Every line below from the one containing "Khu vui chơi" through the one containing "Commencement Rites DepEd" is to be printed exactly, with the pictures omitted.

━━━━━ Information ━━━━━

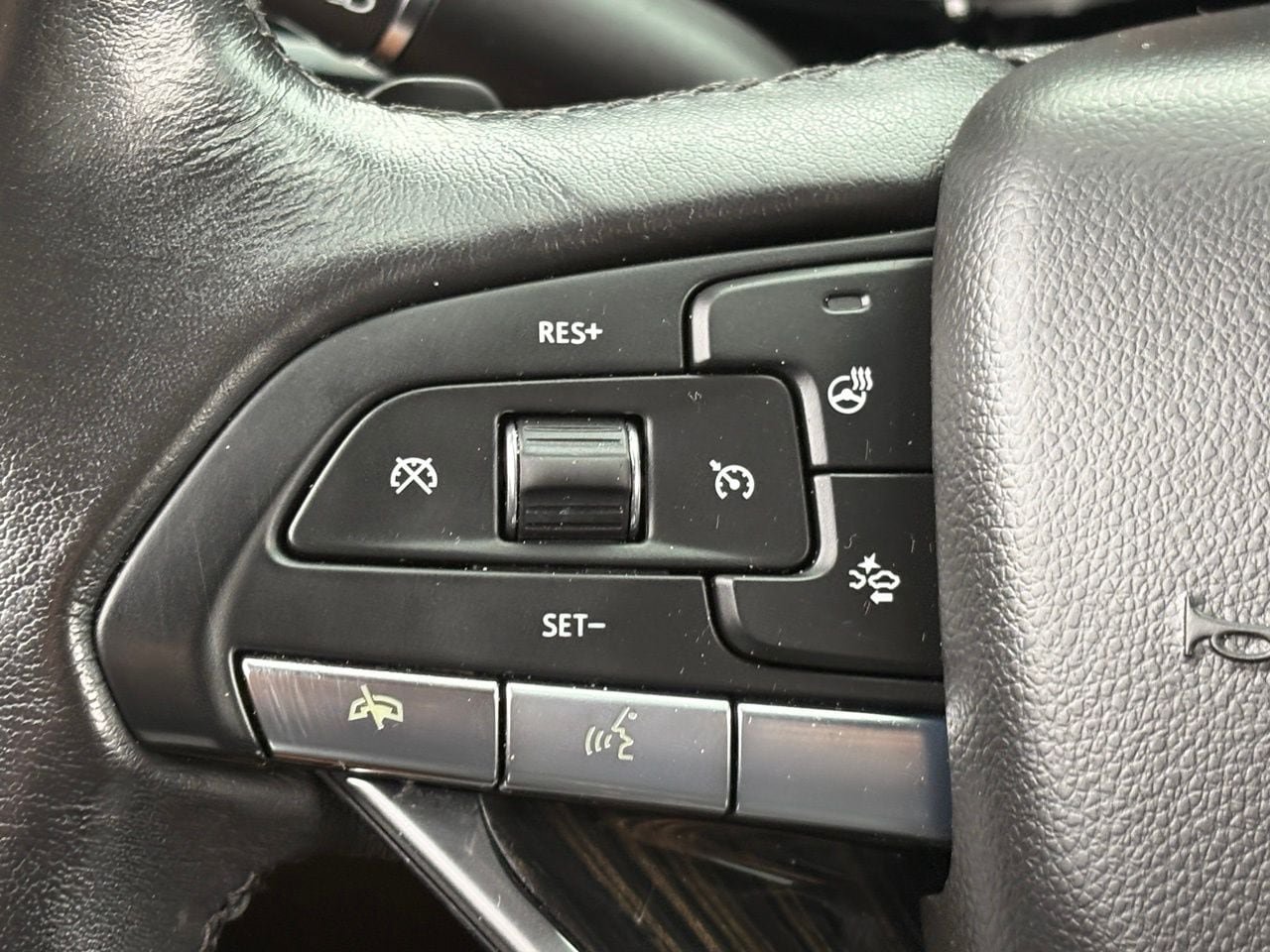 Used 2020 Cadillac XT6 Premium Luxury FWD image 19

━━━━━
━━━━━ Information ━━━━━

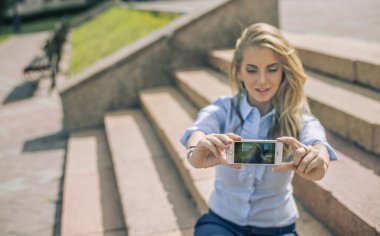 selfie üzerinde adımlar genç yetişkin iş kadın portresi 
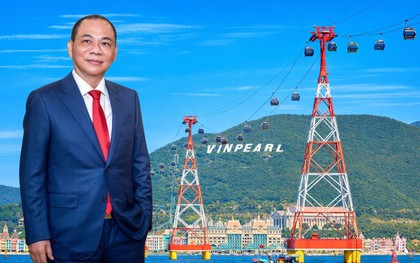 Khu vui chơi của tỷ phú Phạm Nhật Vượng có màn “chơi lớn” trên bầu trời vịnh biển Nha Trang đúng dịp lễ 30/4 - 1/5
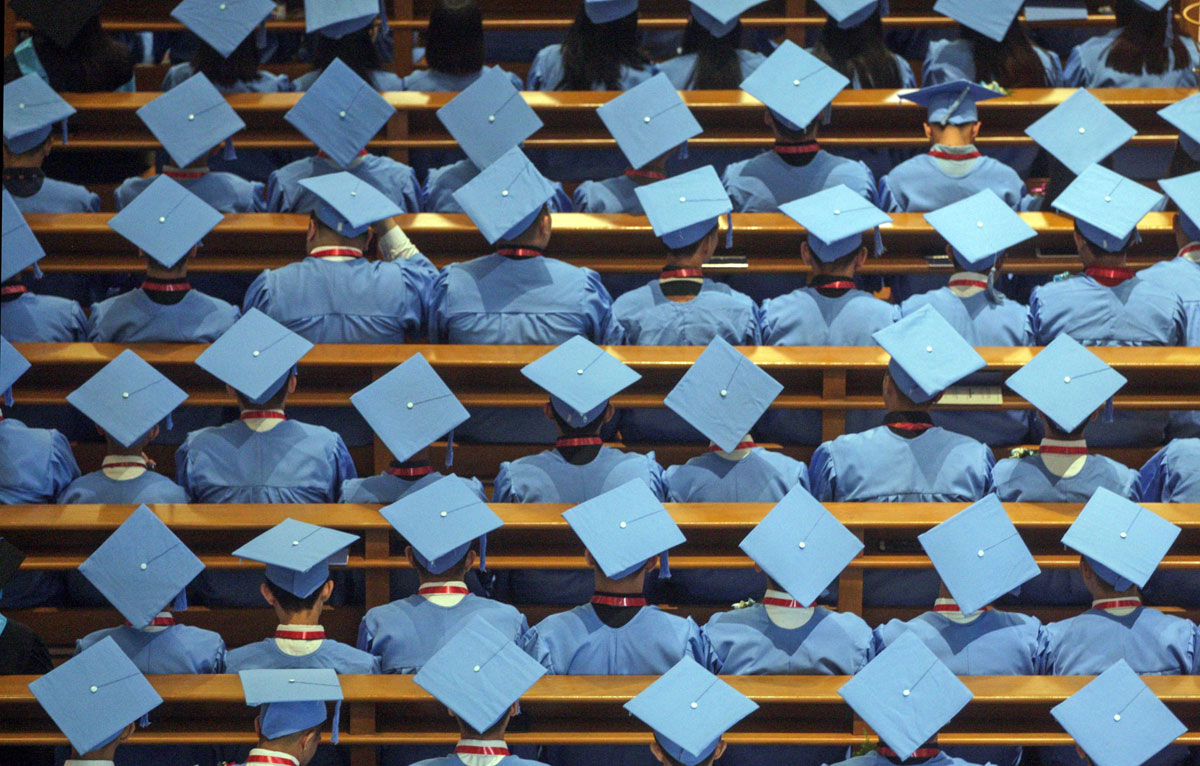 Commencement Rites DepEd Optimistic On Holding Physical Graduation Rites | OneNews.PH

━━━━━
━━━━━ Information ━━━━━

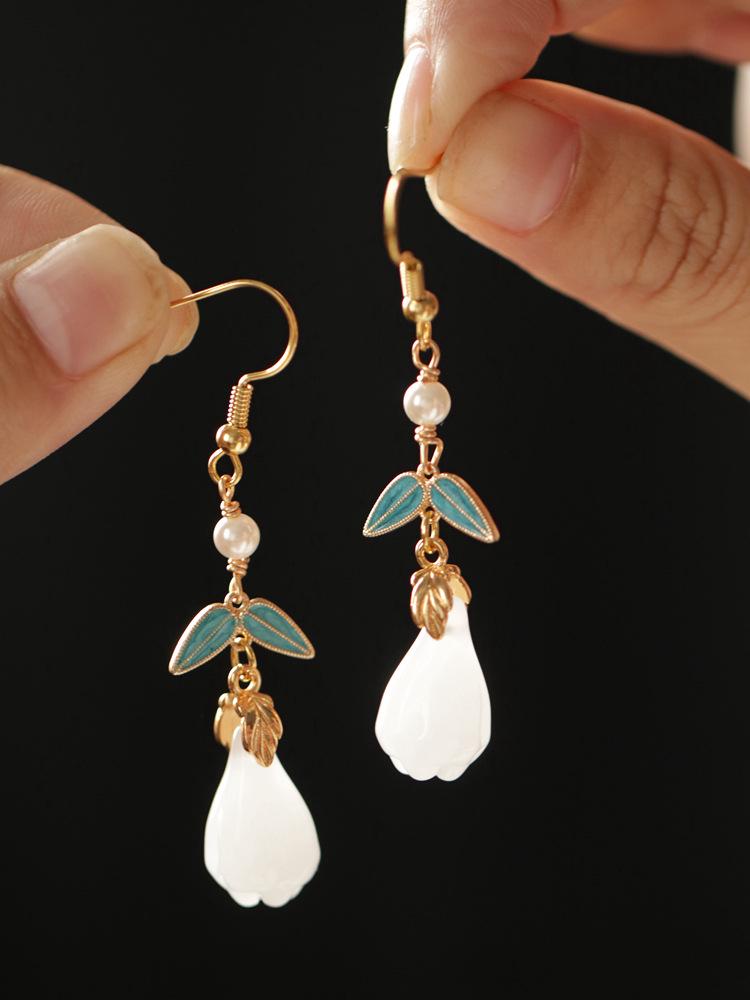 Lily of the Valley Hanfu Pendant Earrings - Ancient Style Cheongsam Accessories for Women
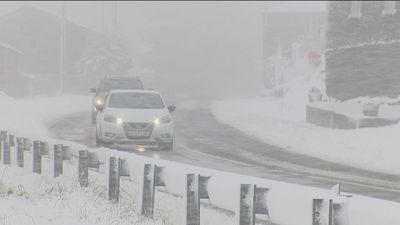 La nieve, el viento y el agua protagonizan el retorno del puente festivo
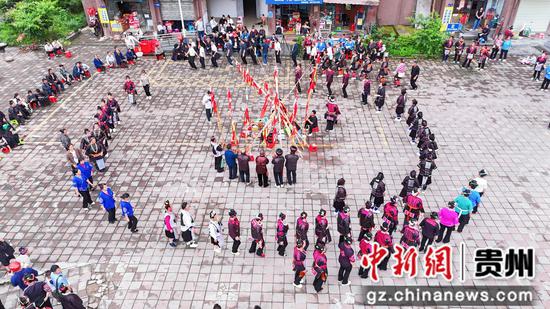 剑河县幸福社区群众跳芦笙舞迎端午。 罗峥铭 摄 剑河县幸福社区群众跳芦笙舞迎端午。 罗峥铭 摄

━━━━━

» Answer to the problem
 Khu vui chơi của tỷ phú Phạm Nhật Vượng có màn “chơi lớn” trên bầu trời vịnh biển Nha Trang đúng dịp lễ 30/4 - 1/5
 Commencement Rites DepEd Optimistic On Holding Physical Graduation Rites | OneNews.PH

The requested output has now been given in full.